In the early 1970s, Nigeria experienced oil boom and so much money was available to us. It was like we did not know what to do with it. They constructed roads and most of the flyovers in Lagos, and that was all, as if the entire country was just Lagos. As at that time, not up to 10% of Nigerians had access to electricity, tarred road, and telephone. We bathed in and drank water from streams and rivers. Primary education was still for a privileged few until General Obasanjo as Head of State declared free Universal Primary Education (UPE) in 1976. I know of many people who could not have gone to school if not for that program. Instead of building infrastructures and social amenities, we declared the Jerome Udoji award that put a lot of money in the hands of the few Nigerian workers. The workers bought televisions, transistor radios, bicycles, motor bikes, shoes and some cars. And that squandered that excess money.

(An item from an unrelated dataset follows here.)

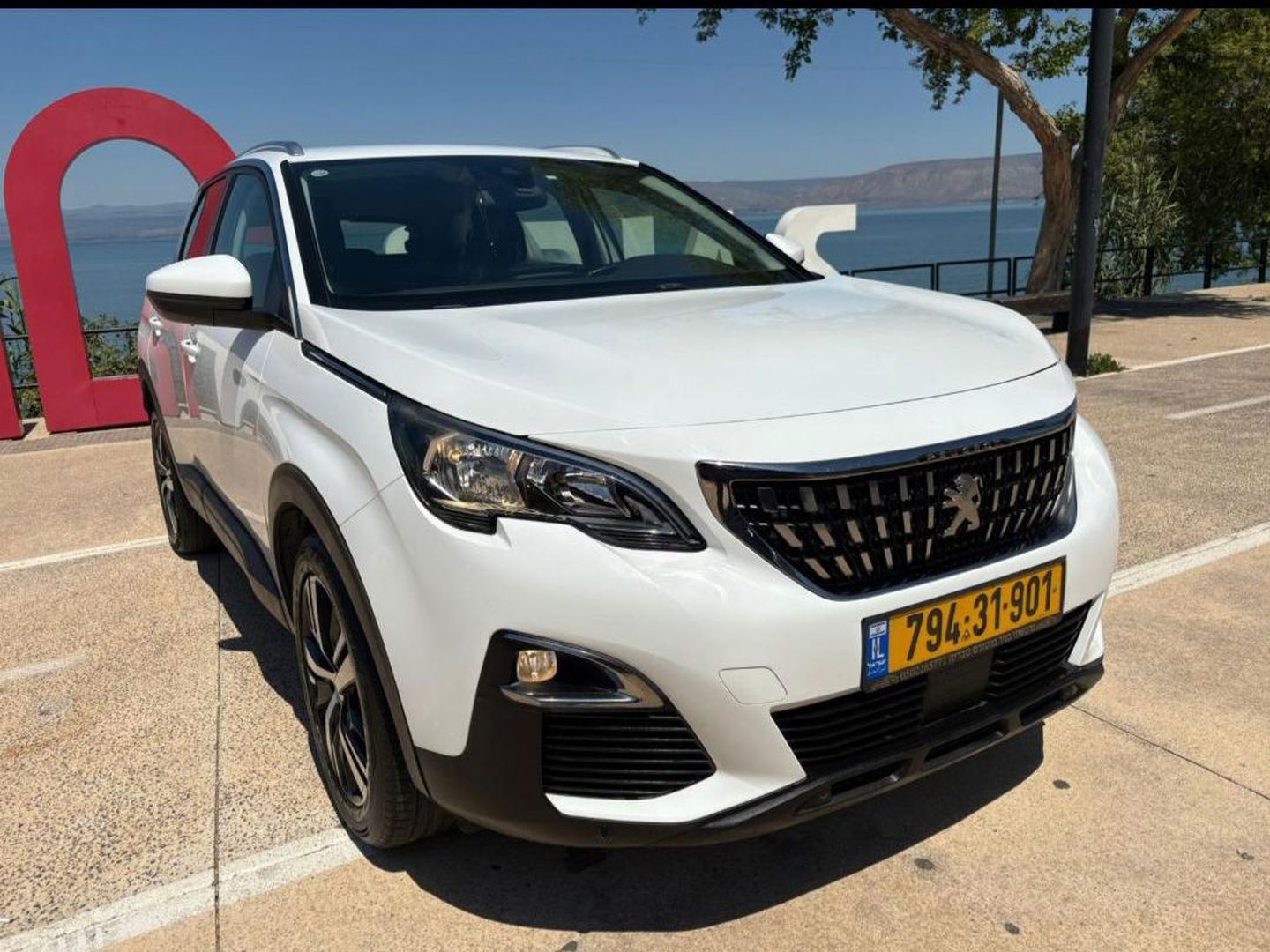 פיג'ו 3008 Active – 2/10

It was in a wobbling condition that the military handed over power to the civilian on 1st October, 1979. It was clear from day one that the civilians were not in business to provide governance. They squandered the nation’s wealth as if money was going out of fashion. One of them told me many years later, how Nigerians didn’t need a visa to go to London. They would just decide on a Friday afternoon to go to London for weekend. Pack a few cloths, jump into the aircraft with your lover. With so much money at their disposal they painted London red. Harold Shopping Centre was a delight. That was how they ate up the resources of the people until 31st December 1983 when General Mohammadu Buhari and co overthrew the civilian government of Alhaji Shehu Shagari. It was the carcass of the dying lion that the military inherited, barely four years and three months after handover.
I was old enough to know how we went through that tough time of austerity measures. We went through essential commodity regime. You could not just walk up to a shop to buy anything because they were not available. Everything was rationed. You queue up in open fields to purchase what was essential for your up keep. General Ibrahim Babangida (IBB) came and introduced structural adjustment program (SAP). I can still hear the echo of Prof. Jerry Gana’s voice, as Director General of MAMSA shouting, “No Alternative to SAP”. IBB made many young military men administrators/ governors of states. These crop of young military men turned out as millionaires and they also joined with the federal military government to open up the financial vaults of both federal and state governments. They made both military and civilians millionaires overnight. It was during that period that civil service jobs, teaching and other professional jobs lost their value and pride in Nigeria. Teaching used to be a noble profession but the change of value altered all that. People no longer opted for teaching as a choice but as a necessity to survive. It became more profitable to join the military than to go to the university because it was the short cut to easy wealth.
Naira was de-valued and it has never been reversed. It was this period that the Gulf War happened and so much money was realized from the sale of crude oil, but it never reflected on the life of the ordinary person. While the privileged military personnel were busy building mansions for themselves in Nigeria and buying choice properties outside Nigeria, majority of Nigerians remained without electricity, good road, drinking water and some factories were shutting down. What did we do with the money realized from oil and other sectors of our economy? Then General Sani Abacha came. With what we heard after his demise, much could have been done but it was not to be. All the four petroleum refineries went down. I remember several times the Turn Around Maintenance (TAM) contracts for the refineries were awarded, money collected but work never done.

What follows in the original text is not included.